The document GB 2417913 describes a microfluidic separator 110 comprising a porous membrane 108 supported by a microsieve. The membrane and sieve are arranged in parallel with the flow 106 of the multiphase mixture and the porous membrane is “wetted” by a portion of the mixture which is transmitted though the pores of the membrane for analysis. The membrane may be oleophobic and be arranged to transmit water based solutions or hydrophobic and arranged to transmit oil based solutions or both oleophobic and hydrophobic and arranged to transmit gases. Pressure across the membrane is maintained below capillary breakthrough values for the non-wetting phase and the flow rate though is significantly less than that passing over the membrane thus reducing problems related to cake build up and fouling. The separator may be integral to or connected to a microfluidic sample manipulation/analysis chip and one or several valves, possibly in conjunction with a micropump, which may be used to maintain the pressure drop below the non-wetting phase breakthrough pressure. Collection channels may also comprise an H-fractal configuration. The main application described relates to the use of the separator in logging while drilling (LWD) or measurement while drilling (MWD) to provide continuous real-time data concerning fluid in a subterranean formation.
The document GB 2 433 273 describes a method for determining a property of formations surrounding an earth borehole being drilled with a drill bit (15) at the end of a drill string, using drilling fluid that flows downward through the drill string, exits through the drill bit, and returns toward the earth's surface in die annulus between the drill string and the periphery of the borehole. The method includes the following steps: obtaining, downhole near the drill bit, a pre-bit sample (211) of the mud in the drill string as it approaches the drill bit; obtaining, downhole near the drill bit, a post-bit sample (212) of the mud in the annulus, entrained with drilled earth formation, after its egression from the drill bit; implementing pre-bit measurements on the pre-bit sample; implementing post-bit measurements on the post-bit sample; and determining a property of the formations from the post-bit measurements and the pre-bit. The measurements may be completed downhole, for example using a mass spectrometer.

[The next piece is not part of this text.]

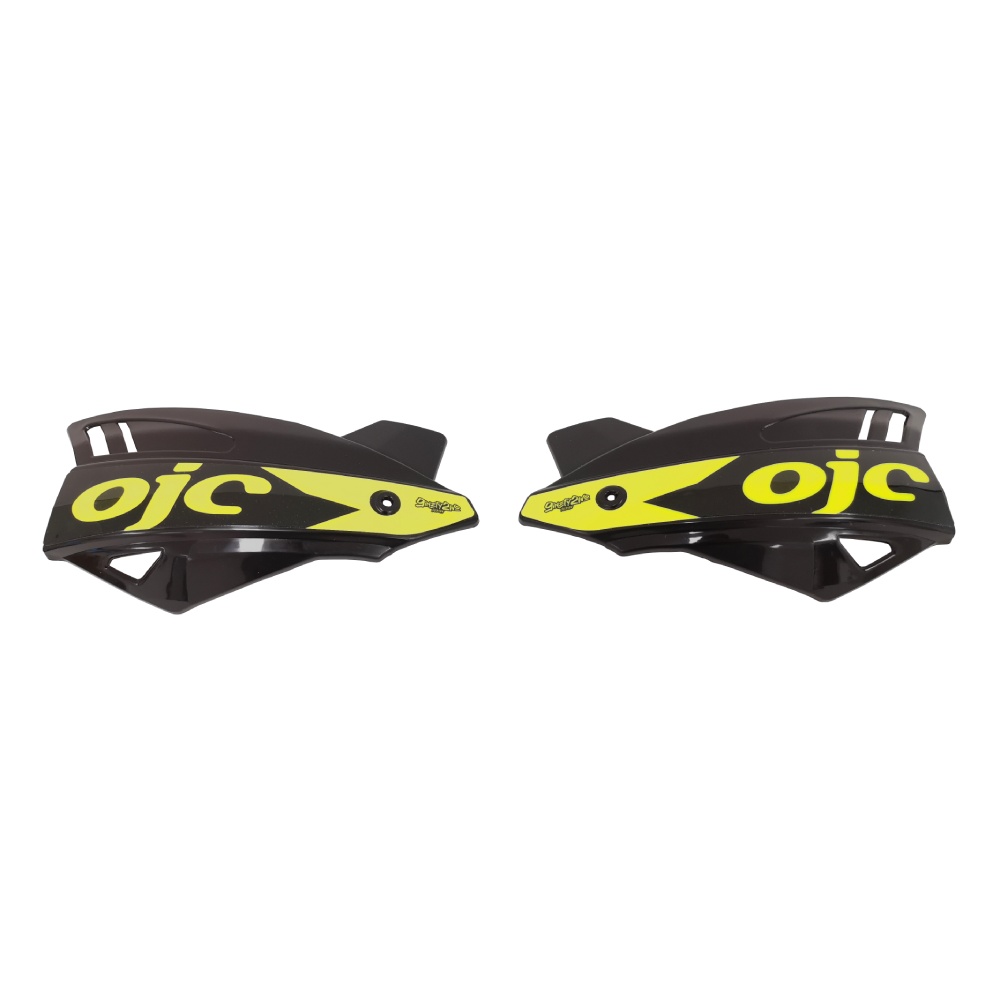 Paar Handschützer OJC SHARK universal schwarz (Neongelber Aufkleber) Paar Handschützer OJC SHARK universal schwarz (Neongelber Aufkleber)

The application of the present invention to measure WLR fluid property has the advantage of a small sample of representative liquid from the flow line being used and then being returned to the flow line. This application further overcomes the difficulty in making the WLR measurement itself because of the differences in physical properties of the oil and water in standard flow lines by the measurement made in a very small or mini-channel where the superficial tension maintains both phases at the same speed.